Requirement – This exercise calls for every line of the listing below that contains the word "fine".

Data supplied –
· · · · · · ·
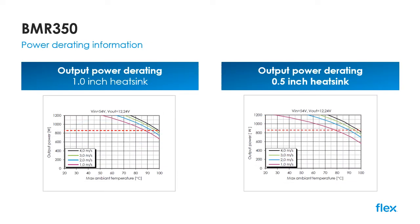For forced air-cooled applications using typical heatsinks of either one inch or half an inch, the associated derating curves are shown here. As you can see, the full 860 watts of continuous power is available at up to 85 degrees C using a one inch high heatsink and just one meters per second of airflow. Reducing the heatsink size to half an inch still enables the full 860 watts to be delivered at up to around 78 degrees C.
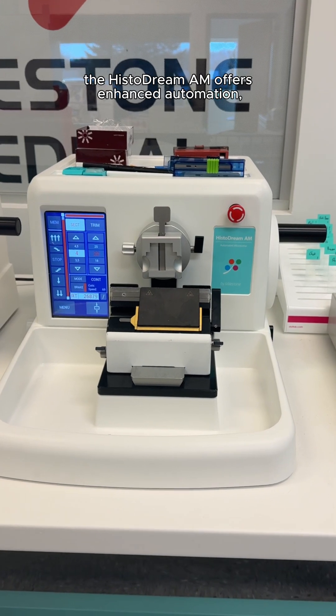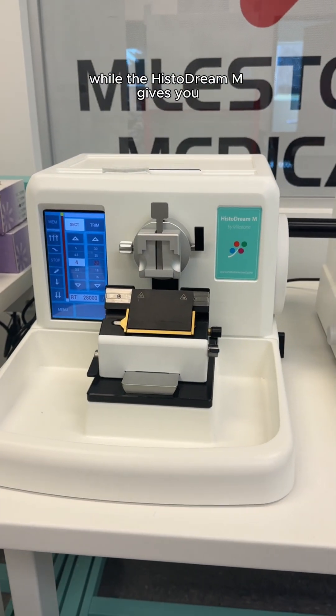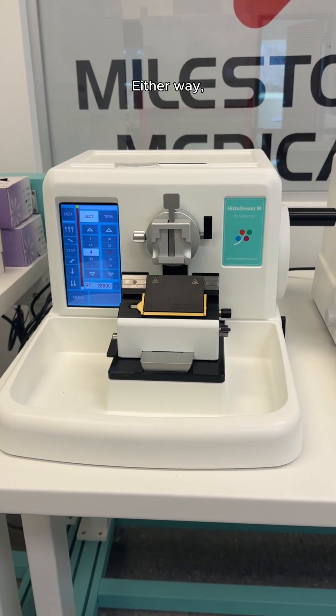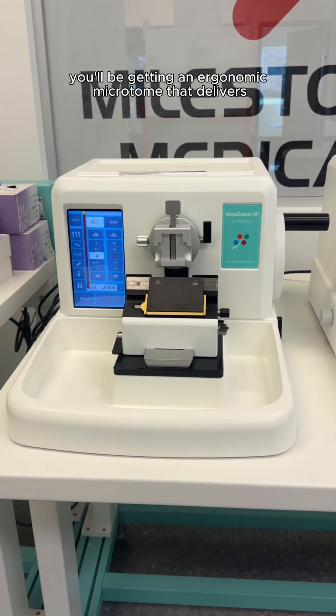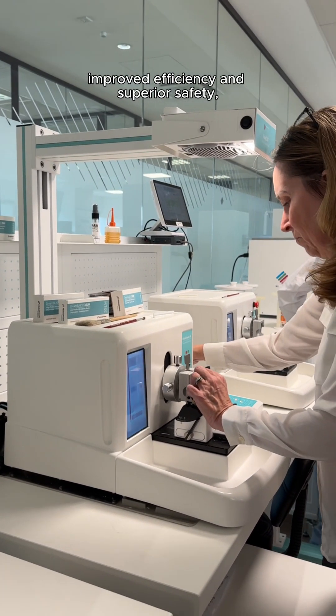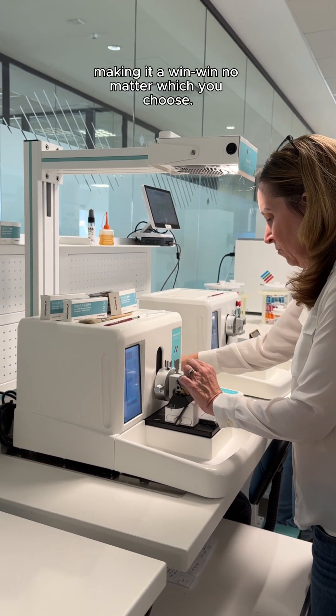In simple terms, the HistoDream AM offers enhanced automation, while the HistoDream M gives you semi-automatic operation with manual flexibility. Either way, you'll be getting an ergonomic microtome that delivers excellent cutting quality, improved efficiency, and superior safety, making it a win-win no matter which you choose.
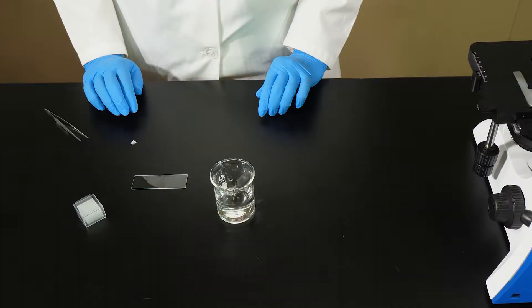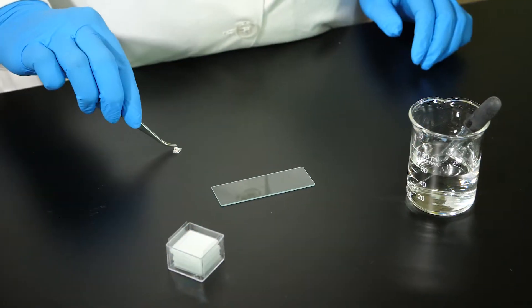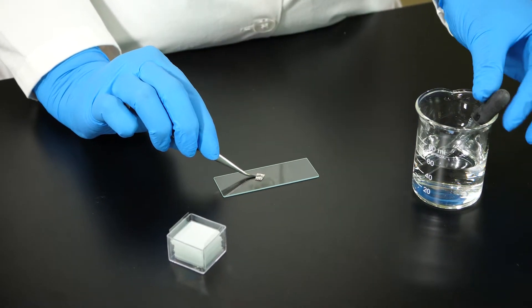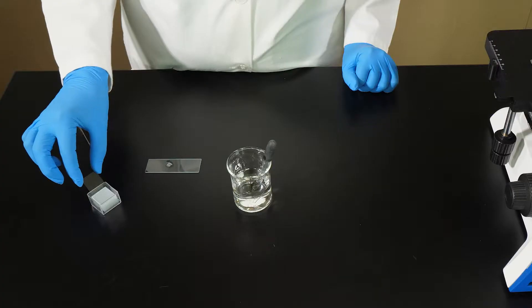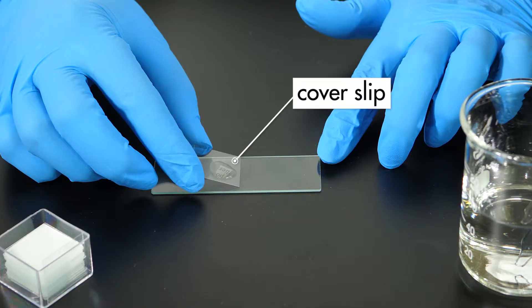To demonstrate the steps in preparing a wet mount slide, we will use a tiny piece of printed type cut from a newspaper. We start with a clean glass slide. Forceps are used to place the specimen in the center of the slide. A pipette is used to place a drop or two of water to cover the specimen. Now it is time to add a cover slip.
· · · · · · ·
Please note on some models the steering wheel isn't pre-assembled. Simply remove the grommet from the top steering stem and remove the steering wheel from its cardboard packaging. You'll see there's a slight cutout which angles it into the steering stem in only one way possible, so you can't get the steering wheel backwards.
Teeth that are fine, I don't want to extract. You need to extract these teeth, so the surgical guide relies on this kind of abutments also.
· · · · · · ·
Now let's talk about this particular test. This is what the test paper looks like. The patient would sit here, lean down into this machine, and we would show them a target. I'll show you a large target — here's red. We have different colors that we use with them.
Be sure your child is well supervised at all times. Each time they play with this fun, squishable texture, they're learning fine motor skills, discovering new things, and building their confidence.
· · · · · · ·
Answer to this exercise –
Teeth that are fine, I don't want to extract. You need to extract these teeth, so the surgical guide relies on this kind of abutments also.
Be sure your child is well supervised at all times. Each time they play with this fun, squishable texture, they're learning fine motor skills, discovering new things, and building their confidence.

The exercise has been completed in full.